A money train is one or more railcars used to collect cash fare revenue from stations on a subway system and return it to a central location for processing. This train was typically used to carry money bags guarded by transit police to deter robberies.
On the New York City Subway, a “money train” was first mentioned in 1905, a year after the system opened. Their trains were converted from subway cars that have been removed from passenger service. This has since been discontinued, with the last service running in January 2006. Two of the cars are preserved by the New York Transit Museum in Brooklyn.

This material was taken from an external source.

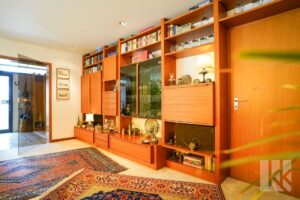 Angrenzend das Wohnzimmer mit...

The use of a train was necessary because of difficulties in getting to and from stations using over-street transport, and because, since the subway reaches every station, the rail system itself can be used to collect money from ticket machines. The 1995 American crime thriller film Money Train depicts a robbery of such a train.
Singapore's Mass Rapid Transit system introduced a four-car money train when the system was commissioned in 1987. Used to transfer cash trolleys from stations to a counting facility at Bishan Depot, the increased use of stored value tickets resulted in the train being decommissioned in 2007.
The Washington Metro system continues to use money trains as of 2021.
The Light Rail in Hong Kong uses money trains, which are regular passenger trains taken out of service, to collect fares from the ticket vending machines.
Main article: Pay car
In Australia, the reverse procedure occurred with the New South Wales Government Railways fleet of pay buses. A small self-powered railcar, they were used to deliver pay packets containing cash to employees at remote railway stations, as well as maintenance gangs working on the tracks. This operation remained in service until the 1980s when it was supplanted by electronic payments.